The Fuck It Bucket. An imaginary receptacle to put everything I want to do but would normally be too scared to do. Here’s more about what it is and why you need one.
When my Mum passed away, I had an epiphany in life. I realised that the thing I wanted more than anything else was to have made her proud of me. I’m sure she was when she passed but I needed to ensure that for as long as I lived, I did things that would’ve made her beam and do her excited-over-the-phone-voice as if I had really told her. She used to do this thing where every time I’d go to bingo with her, her mate Joan would go, ‘Oh is this the daughter with the blog who teaches? How did your event go?’ and I’d know that 73 year old Joan with her husband Bert and 2 grown up sons wasn’t reading my blog for blowjob tips but that my Mum would’ve been gushing about me.
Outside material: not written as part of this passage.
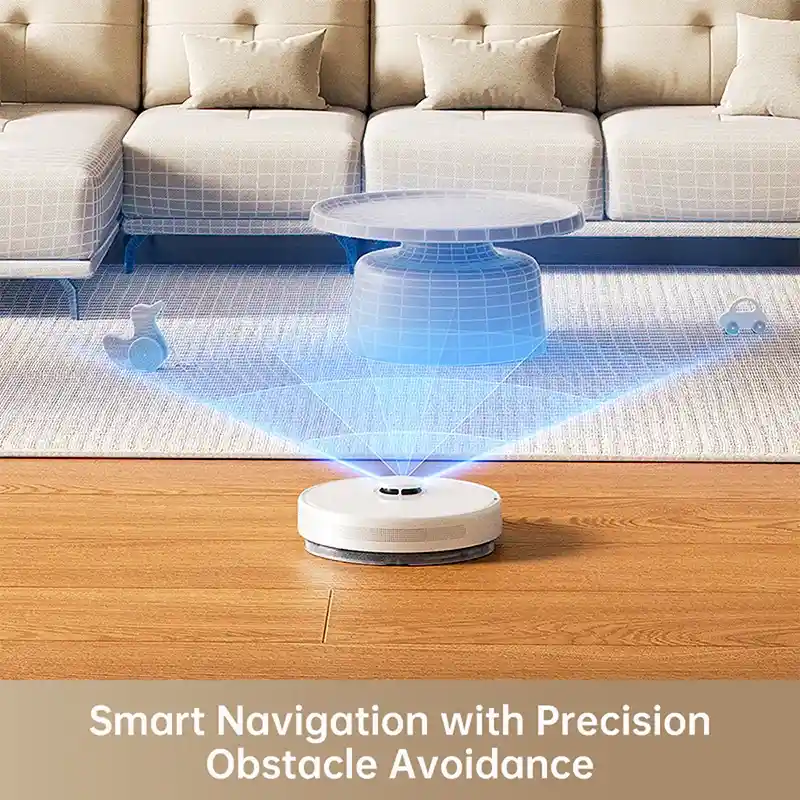 جارو رباتیک شیائومی دریم مدل Dreame D10 Plus Gen 2 Robot Vacuum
So I made the conscious decision that if an opportunity was put in front of me that I would love to do, whether I was terrified or not, I’d have to do it. Metaphorically giving Joan something new to ask me about.
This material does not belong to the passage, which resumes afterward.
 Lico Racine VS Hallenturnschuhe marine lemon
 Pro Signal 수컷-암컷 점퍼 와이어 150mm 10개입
Those opportunities are the ones that when you weigh up whether you should do them or not, they make you go, ‘Yeah, fuck it.’
Staying out too late on a school night when I’m having fun.
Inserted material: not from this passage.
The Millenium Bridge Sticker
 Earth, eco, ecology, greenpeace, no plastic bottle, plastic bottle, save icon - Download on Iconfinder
Going to Wrestlemania with virtual strangers.
Hitting up Edinburgh Fringe.
Dying my hair pink.
Telling my headteacher about my favourite vibrators.
Going to Blogging events that I’d normally feel too shy to rock up to.
Dating a guy just because it’s fun without hope for a future.
Doing stand up comedy.
That sorta thing!
Simply, life is too short. You only have a finite amount of days on this planet.
My Mum got to the end of her life with regrets of not going after, ‘The One’, of not pursuing a career in journalism and for spending her life worrying about mistakes she had made.
If she had had a Fuck It Bucket where she could toss all of those things that scared but excited her – she would’ve relished it.
The Fuck It Bucket has helped me lead my best life. Without it, I wouldn’t have gone on a last minute date and stayed out late getting to know and falling for the guy I’m now with. I wouldn’t have had some of my best trips. I wouldn’t have gone on stage this week and won a stand up comedy slam. Probably wouldn’t have gotten up to half of the things, with men I probably shouldn’t have either but they’re things Joan wouldn’t have been told.
So get yourself a Fuck It Bucket and let me know ASAP, what’s going in yours.